Tom Brady Wants His New Clothing Line to Be the Next Jordan

It’s important to plan for retirement. Whether that day ever comes for Tom Brady remains to be seen, but he’s starting to lay the groundwork for whatever comes next anyway. “I feel like I’m living two lives,” he told the Wall Street Journal’s Jason Gay Tuesday. “My football life and then my post-football life.” Today, Brady announced one of the projects he intends to carry into his post-football life: an apparel collection named, naturally, Brady.

Brady’s new line is, pointedly, more than an athleisure collaboration. Instead, it’s a broader menswear project. Brady teamed up with Public School and former DKNY designer Dao-Yi Chow as well as Jens Grede, who helped Kim Kardashian-West build her Skims empire.
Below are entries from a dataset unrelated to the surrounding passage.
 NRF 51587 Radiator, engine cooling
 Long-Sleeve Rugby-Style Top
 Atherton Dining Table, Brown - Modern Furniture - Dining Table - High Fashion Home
The first drop of his new line won’t land in Nordstrom until December, and images of the clothes are scarce beyond a zip-up jacket he modeled for WSJ. That’s a relatively small time to wait—according to a press release, the clothes have been in development for over three years (or just over one-tenth of Brady’s NFL career).
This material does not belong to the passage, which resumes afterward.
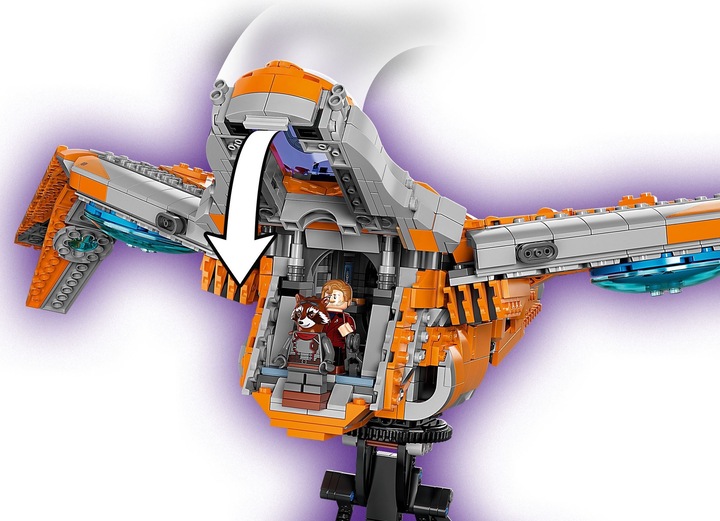 Actual product image LEGO The Ship of the Guardians (76193, LEGO Marvel)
Even though Brady is best known for his on-field accomplishments, he is shrewd not to constrict himself to sportswear. Football players don’t have the same luxury as hoopers, who are able to market their new hot sneakers on the court every night. When’s the last time you hit up StockX for the latest Brady x Under Armour sneaker? Brady is reportedly after something more like Michael Jordan’s namesake brand, according to WSJ. Brady surely hopes customers will be as eager to wear his logo in their everyday lives as they are Jordan’s Jumpman, which travels easily off the hardwood.
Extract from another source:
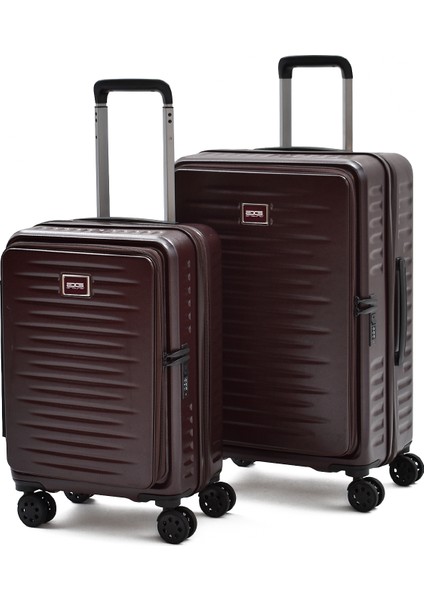 Ground Körüklü 2’li Valiz Seti Orta ve Kabin Boy – Ultra Dayanıklı, Geniş Hacimli, Tsa Kilitli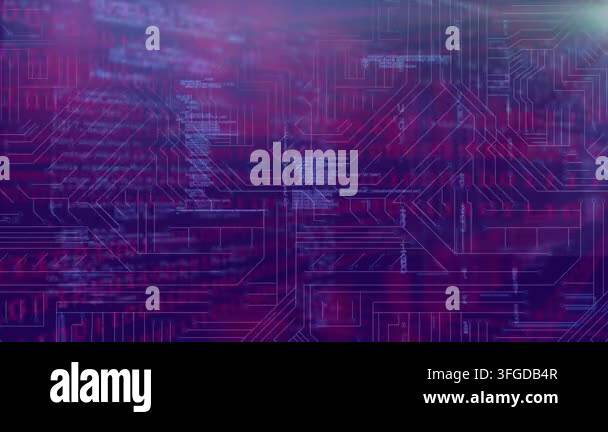 Animation of binary coding and data processing over microprocessor ...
To promote his new clothing line, Brady is playing up his status as a clotheshorse. The QB has accrued some fashion cred over the years: he’s an ambassador for watch brand IWC, appeared in those Uggs commercials, knows how to wear the hell out of the suit, and is a semi-frequent Met Gala attendee. But Brady is really going for it now, posing moodily in Balenciaga, Givenchy, and archival Raf Simons. Wife Gisele Bündchen even told WSJ, “He loves clothes way more than I do. He has great taste and understands and really cares about what people want, what can help them feel good. That’s what fashion is about.”

What stands out about Brady’s clothing line is how he plans to position it: as clothes from one regular dude to another. “The reality is that I’m very human,” Brady said (lied). This is where the Brady and Jordan comparison diverges most sharply. Jordan’s shoes were so desirable and cool because they were associated with something mythical. Kids bought the shoes to be Like Mike, not to be Like Joe Schmo. To create the next Jordan, Brady might need to lean into his immortality. Which shouldn’t be too hard for the seven-time Super Bowl winner.